═════ Extracted entries

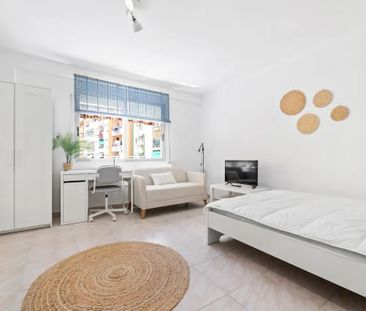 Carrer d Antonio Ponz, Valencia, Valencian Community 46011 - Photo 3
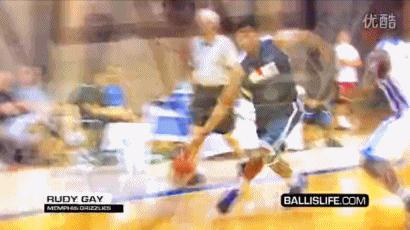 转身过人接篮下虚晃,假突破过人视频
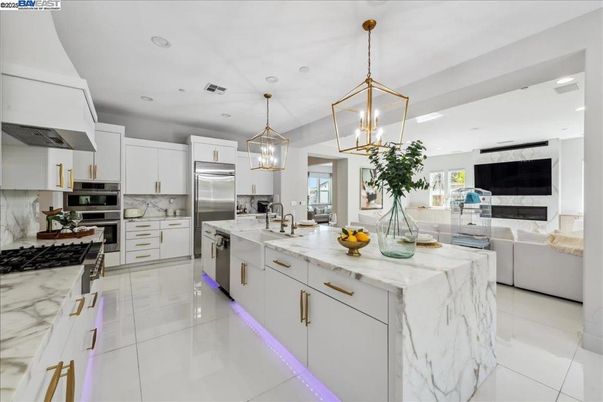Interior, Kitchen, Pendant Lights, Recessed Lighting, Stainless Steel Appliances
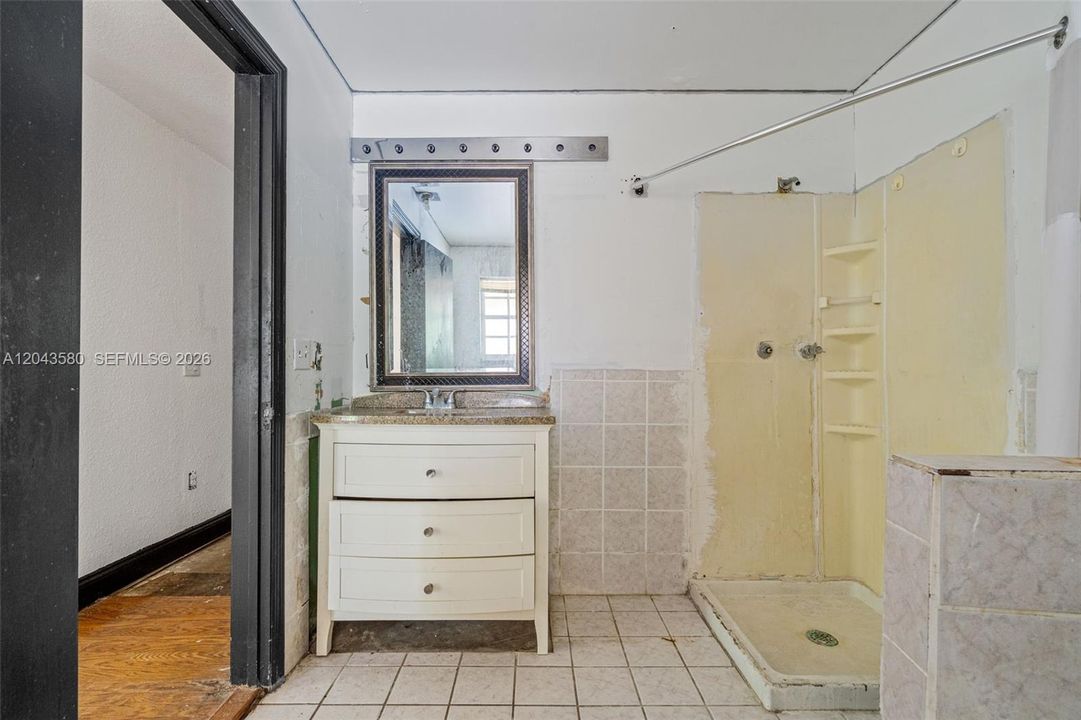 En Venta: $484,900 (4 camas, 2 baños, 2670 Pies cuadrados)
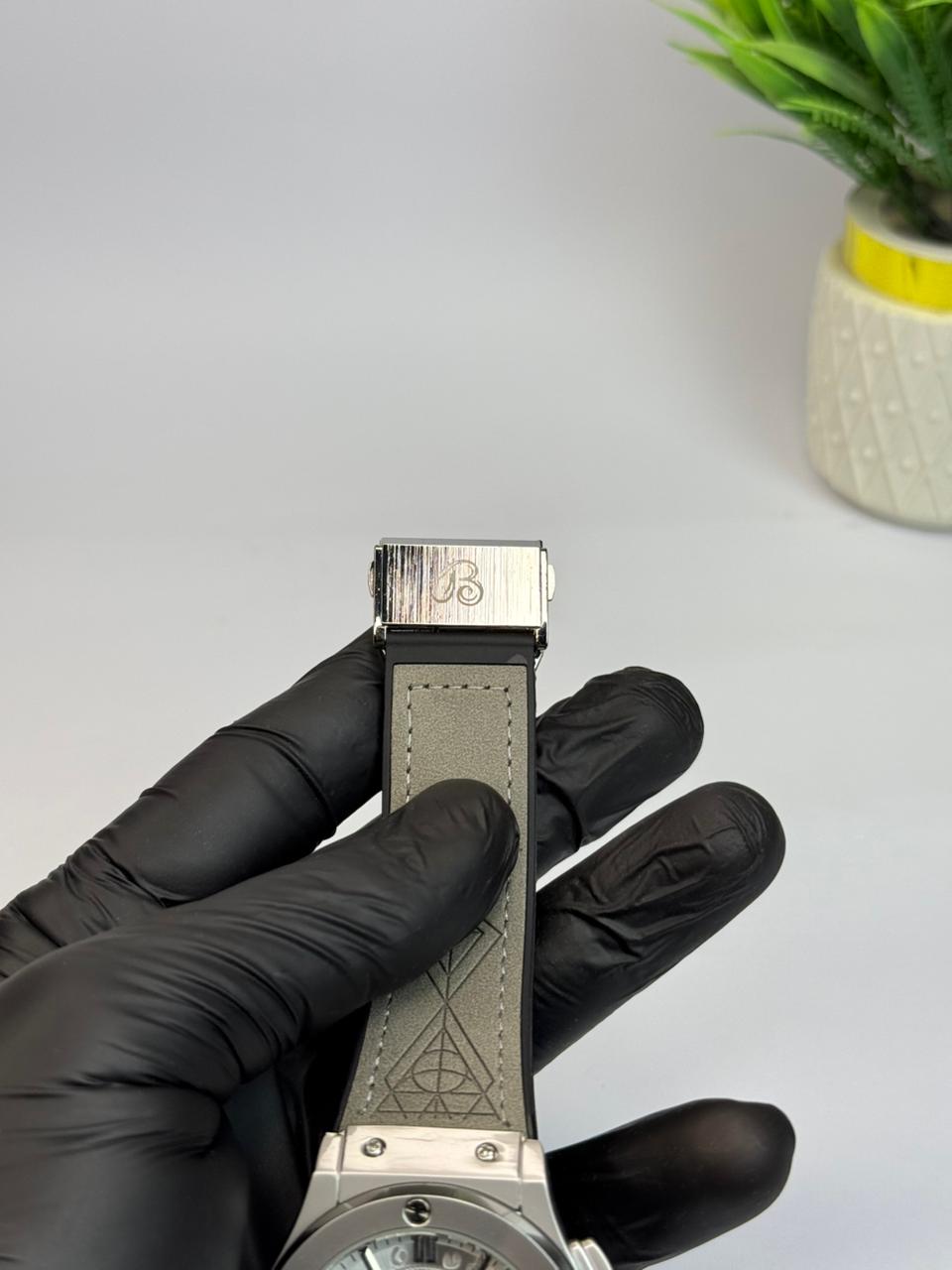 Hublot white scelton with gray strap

══════════
═════ Extracted entries

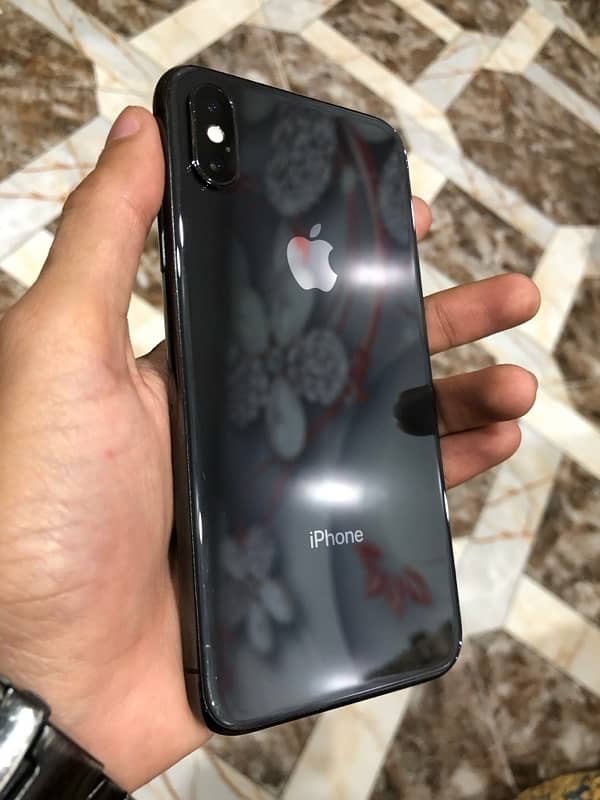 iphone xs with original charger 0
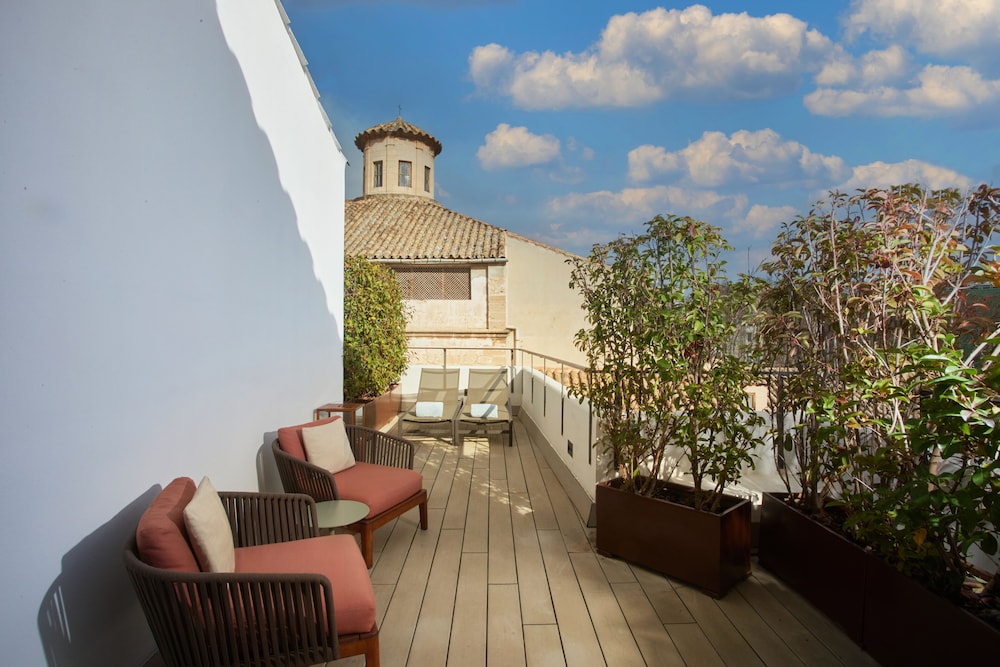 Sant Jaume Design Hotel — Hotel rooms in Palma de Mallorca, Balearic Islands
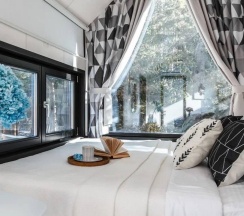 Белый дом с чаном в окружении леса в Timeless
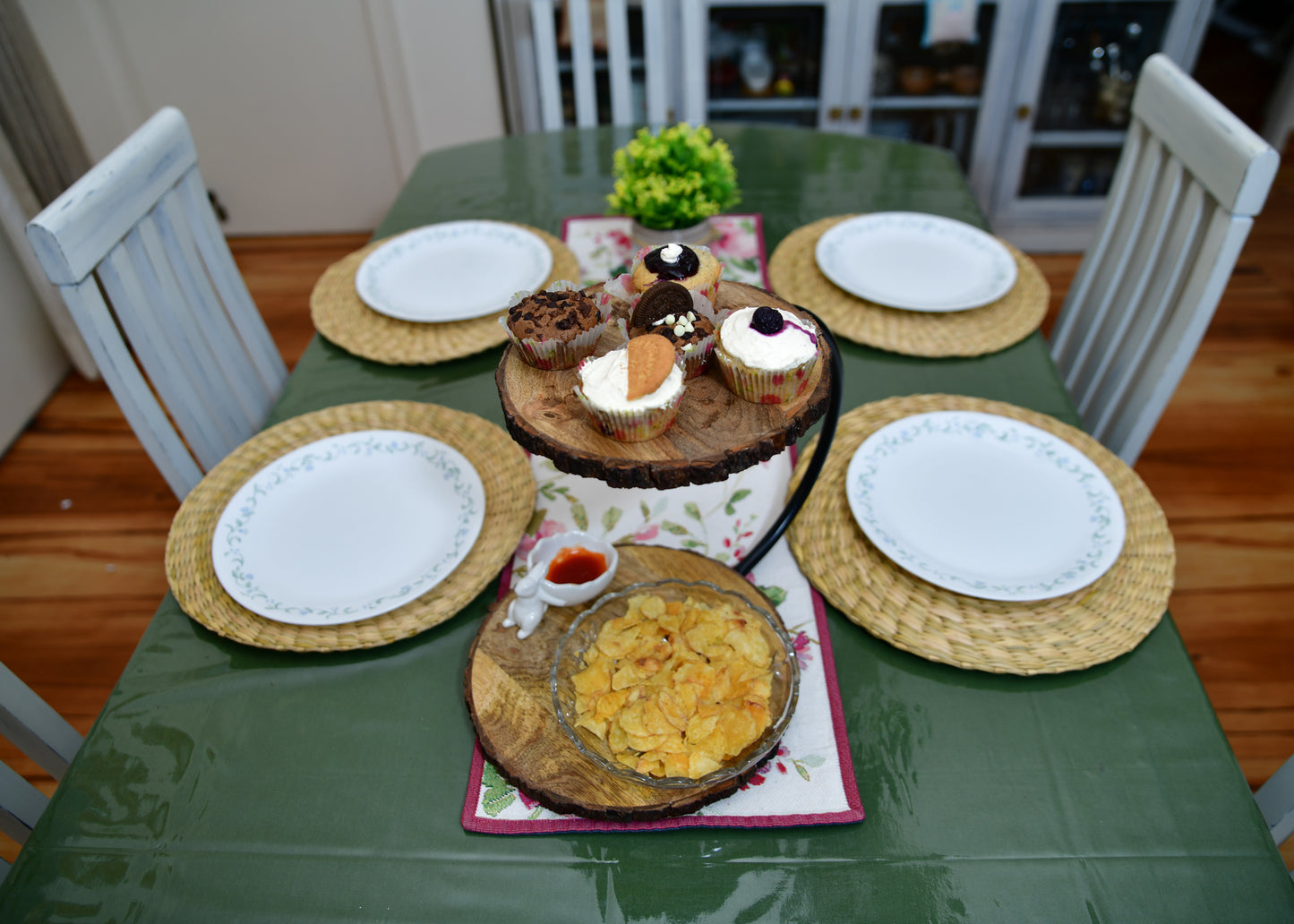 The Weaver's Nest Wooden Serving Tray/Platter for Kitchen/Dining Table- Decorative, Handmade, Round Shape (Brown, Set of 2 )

══════════

> Exercise
Look above for the line containing "Carrer d Antonio", then write out every line from there down to the line containing "Hublot white scelton with gray strap", that line included, with no pictures.

> Exercise result
 Carrer d Antonio Ponz, Valencia, Valencian Community 46011 - Photo 3
 转身过人接篮下虚晃,假突破过人视频
Interior, Kitchen, Pendant Lights, Recessed Lighting, Stainless Steel Appliances
 En Venta: $484,900 (4 camas, 2 baños, 2670 Pies cuadrados)
 Hublot white scelton with gray strap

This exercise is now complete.